__REQUIRED ACTION__
Nothing but the lines from the one containing "istock Gold glitter" through the end of the entries below should appear in your answer, transcribed exactly; please drop the pictures.

__Pictures with short captions__
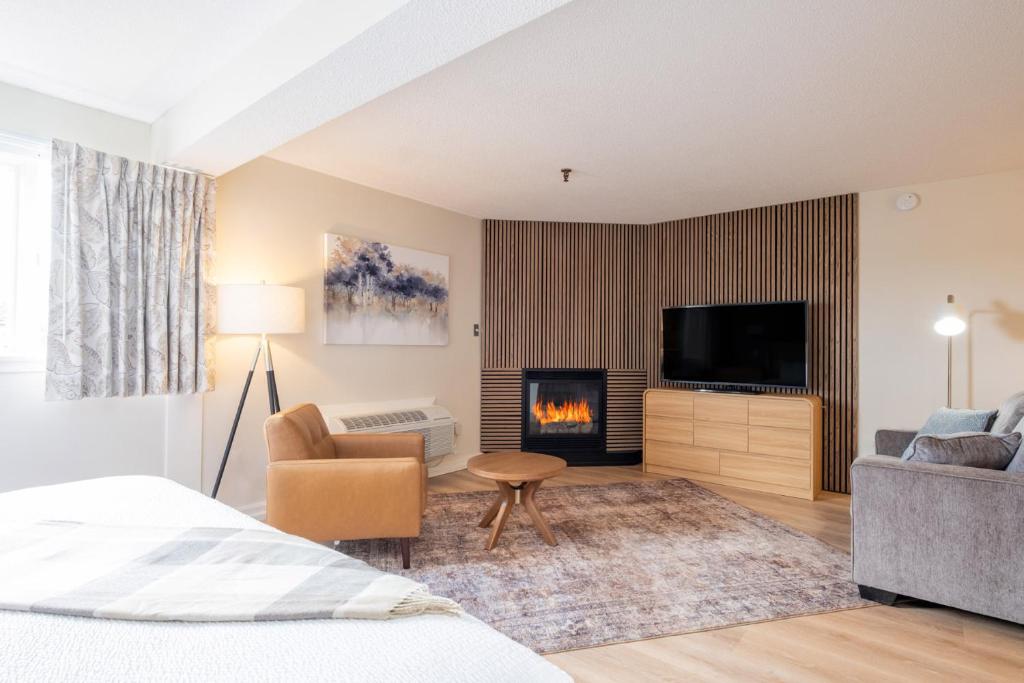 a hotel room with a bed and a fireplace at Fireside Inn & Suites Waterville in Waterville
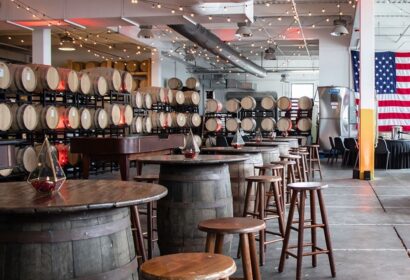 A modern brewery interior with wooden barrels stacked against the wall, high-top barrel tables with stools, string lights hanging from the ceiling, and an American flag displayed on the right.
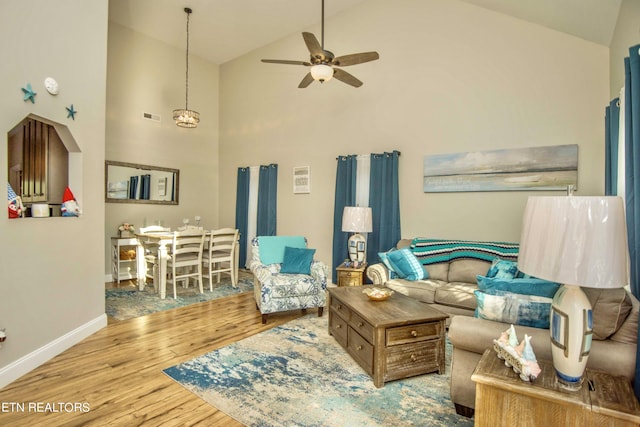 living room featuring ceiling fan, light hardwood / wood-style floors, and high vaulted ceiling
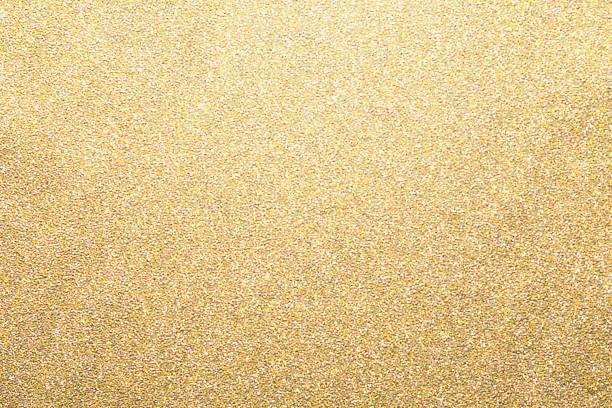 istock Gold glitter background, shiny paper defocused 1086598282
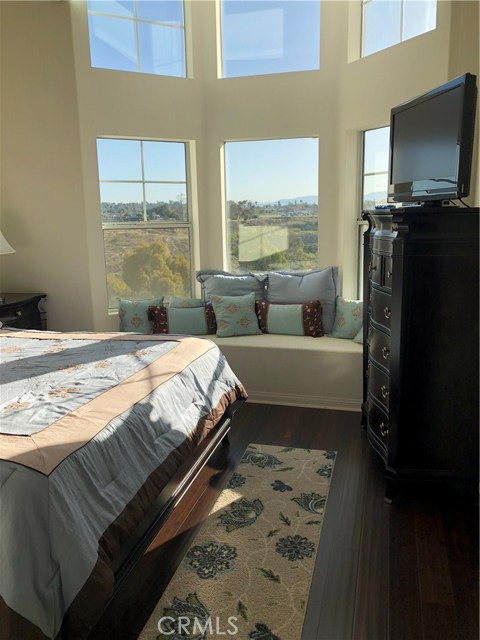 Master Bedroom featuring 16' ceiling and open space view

__OUTPUT OF THE TASK__
 istock Gold glitter background, shiny paper defocused 1086598282
 Master Bedroom featuring 16' ceiling and open space view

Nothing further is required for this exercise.